Os comerciantes de drogas ou armas ilegais também obedecem ao instinto de sobrevivência organizacional. Para sobrevier na sociedade, ocupar espaços na feira de fornecimento de bens para os quais há procura, é imperioso ter-se organização. A inteligência, a disciplina, o comando, a gerência são qualidades e virtudes do ser gregário. Elas se manifestam em toda e qualquer atividade, em escala simples e complexa, atingindo empresas familiares ou transnacionais, movimentos populares, sindicados patronais ou de trabalhadores do campo e da cidade.
Como na Câmara e no Senado, entre os gerenciadores dos negócios ditos ilícitos, também há corruptos, desleais, aproveitadores, parasitas e mentirosos. Seus princípios, porém, parecem mais severos e drásticos e se aplicam com mais rigor contra os traidores de sua confiança, de suas promessas e convicções. Eles também têm inimigos e adversários dos quais precisam se proteger. Têm seus códigos próprios contra as leis inimigas com a vantagem de, em algumas circunstâncias, poder usufruir delas.
Sua atividade comercial é difícil e tem que ultrapassar barreiras e até fronteiras vigiadas, para levar o produto a seus consumidores ansiosos nas longas filas da noite, em bares populares ou restaurantes da grã-finagem, nas portas dos colégios e templos universitários. O isolamento e a reclusão impostos por leis inimigas fazem parte dessa profissão clandestina e reforçam o marketing subliminar de seus produtos. Esse comerciante conta com a expectativa do consumidor contumaz. Há um princípio de lealdade e fidelidade entre o comerciante preso e o consumidor livre.
O que aconteceu em São Paulo, nos dias em que o PCC tomou a cidade, foi uma campanha maciça de publicidade para tranqüilizar os clientes de que há organização forte e estoques suficientes para suprir a necessidade da clientela, tanto quanto celulares para presentear às mães no segundo domingo de maio. A profissão desses comerciantes é que está em jogo, mas essas dificuldades normais do comércio serão superadas. Seus advogados sabem orientá-los para falar, calar e desmentir. Aquelas toneladas de maconha e coca apreendidas serão repostas como os estoques de arroz e óleo levados pelo arrastão dos famintos da Zona Norte do Rio, como o dinheiro do INSS, do Banestado e do Valerioduto.

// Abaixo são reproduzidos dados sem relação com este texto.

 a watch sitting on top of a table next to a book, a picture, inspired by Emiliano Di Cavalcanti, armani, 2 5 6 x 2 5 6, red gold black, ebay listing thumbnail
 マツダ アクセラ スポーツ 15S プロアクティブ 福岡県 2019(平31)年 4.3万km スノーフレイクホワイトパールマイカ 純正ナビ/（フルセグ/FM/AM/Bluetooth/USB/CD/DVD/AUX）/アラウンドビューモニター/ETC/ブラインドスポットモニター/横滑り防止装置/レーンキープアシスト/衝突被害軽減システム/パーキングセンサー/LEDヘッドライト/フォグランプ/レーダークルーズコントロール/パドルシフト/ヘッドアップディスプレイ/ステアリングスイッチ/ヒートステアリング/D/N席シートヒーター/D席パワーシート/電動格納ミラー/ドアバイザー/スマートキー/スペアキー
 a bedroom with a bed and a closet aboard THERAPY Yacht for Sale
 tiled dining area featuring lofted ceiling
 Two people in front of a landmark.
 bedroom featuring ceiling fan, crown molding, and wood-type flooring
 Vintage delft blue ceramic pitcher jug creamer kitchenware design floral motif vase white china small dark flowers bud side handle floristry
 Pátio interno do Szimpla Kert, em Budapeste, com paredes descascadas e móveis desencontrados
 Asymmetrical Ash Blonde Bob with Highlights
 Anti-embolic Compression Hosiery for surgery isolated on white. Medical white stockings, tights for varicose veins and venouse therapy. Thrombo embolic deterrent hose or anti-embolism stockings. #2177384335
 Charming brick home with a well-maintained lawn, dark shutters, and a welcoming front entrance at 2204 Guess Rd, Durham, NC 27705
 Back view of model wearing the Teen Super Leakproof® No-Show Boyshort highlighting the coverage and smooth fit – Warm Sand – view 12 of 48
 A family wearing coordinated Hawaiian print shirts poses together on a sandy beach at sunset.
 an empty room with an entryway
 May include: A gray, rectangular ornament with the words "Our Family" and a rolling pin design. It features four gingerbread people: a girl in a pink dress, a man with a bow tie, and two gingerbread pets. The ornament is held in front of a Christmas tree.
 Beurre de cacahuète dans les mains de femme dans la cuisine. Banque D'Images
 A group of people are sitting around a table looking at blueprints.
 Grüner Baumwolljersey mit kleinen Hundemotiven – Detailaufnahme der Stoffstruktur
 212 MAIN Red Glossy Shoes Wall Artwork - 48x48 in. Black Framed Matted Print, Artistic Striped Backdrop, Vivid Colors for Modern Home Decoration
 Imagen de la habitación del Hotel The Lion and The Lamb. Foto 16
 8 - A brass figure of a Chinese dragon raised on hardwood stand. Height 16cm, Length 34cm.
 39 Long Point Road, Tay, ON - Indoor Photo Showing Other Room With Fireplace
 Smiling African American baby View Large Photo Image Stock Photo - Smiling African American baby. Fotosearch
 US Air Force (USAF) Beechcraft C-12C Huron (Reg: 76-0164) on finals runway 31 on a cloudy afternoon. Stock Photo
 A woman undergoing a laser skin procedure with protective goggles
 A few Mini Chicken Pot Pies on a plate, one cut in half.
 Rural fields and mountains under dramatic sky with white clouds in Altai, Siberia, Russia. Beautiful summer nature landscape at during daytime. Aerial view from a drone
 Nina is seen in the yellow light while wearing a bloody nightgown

Enquanto os policiais acuados, mal-armados e malcomandados enterravam seus companheiros de guerra, mortos em defesa das leis e da sociedade desarmada, um pequeno exército de meninos de rua abastecia, nos pontos de entrega, os feirantes e os clientes indóceis na periferia da cidade. Operações à margem da legalidade, mas dentro das normas mais sadias da competição do livre mercado. Por ele transitam celulares e computadores contrabandeados, ambulâncias superfaturadas, em nome da irrevogável lei da oferta e da procura.
As leis do mercado se aplicam aos centros comerciais, aos supermercados, à feira dos importados e aos pontos de fornecimento de drogas e armas. Todos são produtos comercializáveis, submetidos à lei da oferta e da procura. Esta velha lei exige e impõe organização, competência e empreendedorismo, com assessoria de consultores do Sebrae, da Bolsa de Valores e de Auditores Independentes. O Segredo do Sucesso e A Arte da Guerra são livros de cabeceira do executivo ambicioso, dentro e fora da prisão.
Eugênio Giovenardi, sociólogo e escritor.